Agricultural Research Service

Title: Reducing Furrow Irrigation Erosion with Polyacrylamide (Pam)

Authors
item Sojka, Robert
item Lentz, Rodrick

Submitted to: Journal of Production Agriculture
Publication Type: Peer Reviewed Journal
Publication Acceptance Date: July 25, 1996
Publication Date: N/A

Interpretive Summary: Irrigated crop production is critical to global agricultural output. Surface irrigation, mostly furrow irrigation, accounts for >60% of Earth's 240 million irrigated ha. Erosion seriously threatens irrigation's ability to sustain its 2X yield advantage over rainfed agriculture and risks environmental and food security consequences to earth's growing population. Furrow irrigation-induced erosion is nearly eliminated by small additions of water-soluble polyacrylamide (PAM) to irrigation water. PAM is an environmentally safe flocculent used in municipal water treatment, food processing and other sensitive applications. On freshly cultivated furrows, 1 kg/ha of PAM applied in irrigation inflows at 10 g/m3 during water advance (only), reduced runoff sediment 94% and increased net infiltration 15% in 3 yrs of tests in Idaho. The Natural Resources Conservation Service published a PAM- use practice standard in January 1995. In 1995, the 1st year of product sales, 20,000 ha of furrow irrigated land used PAM, halting 0.9 million metric tons of erosion. With PAM-use, irrigation return flows have had reduced sediment, biochemical oxygen demand (BOD), total phosphorus, and various pesticides. Many irrigation farmers who have viewed traditional conservation practices as cumbersome, intrusive, or ineffectual, adopt PAM-use as an attractive inexpensive alternative. The typical $37- $88/ha per crop costs, are partially or entirely retrieved by savings in erosion-related field operations, improved infiltration, water conservation, or crop responses.
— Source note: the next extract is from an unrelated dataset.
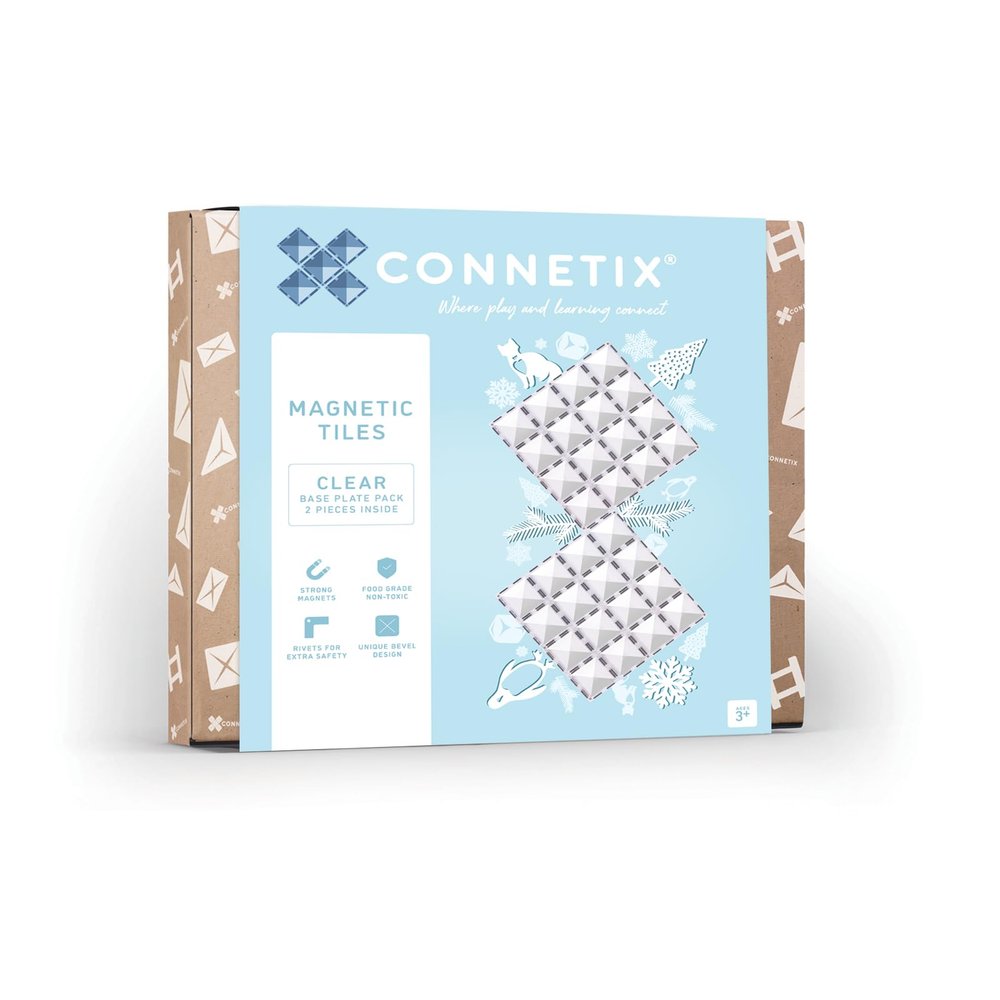 CONNETIX Clear Base Plate Pack, 2 Pieces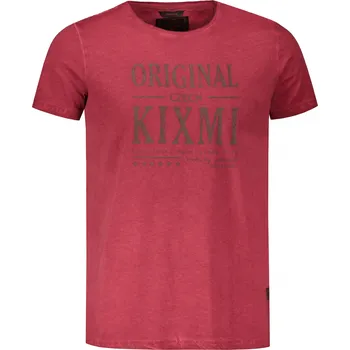 Pánské tričko Pánské triko KIXMI PELTON VÍNOVÁ S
Pam-use is expected to expand rapidly in 1996.

Technical Abstract: Irrigated cropping is a critical component of global agricultural production. Surface irrigation accounts for more than 60% of Earth's 600 million irrigated acres, most of which is furrow irrigation. Erosion threatens irrigation's ability to maintain its 2X average yield advantage over rainfed agriculture, with serious environmental and food security consequences to the burgeoning human population. Furrow irrigation-induced erosion is nearly halted by small additions of water- soluble polyacrylamide (PAM) to irrigation water. PAM is an environmentally safe flocculent used extensively in municipal water treatment, paper manufacturing, food processing and other sensitive applications. On freshly cultivated furrows, 1 lb/acre of PAM applied at 10 ppm in irrigation water before runoff begins (only), reduced sediment loss in runoff 94% and increased net infiltration 15% in 3 yrs of Idaho tests. PAM products are now registered in most western states and NRCS has published a PAM-use practice standard. Cost sharing is available in some areas. In 1995 about 50,000 acres of furrow irrigated land used PAM, to halt as much as 1 million tons of erosion in the first year of PAM sales. Irrigation return-flow quality is improved by PAM- use, greatly reducing sediment, BOD, total P, and various pesticides with PAM-use. Farmers see PAM-use as an attractive alternative to more difficult conservation practices. The typically $15-$35 per acre per crop costs, are partially or entirely retrieved by crop responses or by savings in erosion-related field operations and water conservation. Pam-use in irrigation is expected to expand rapidly in 1996.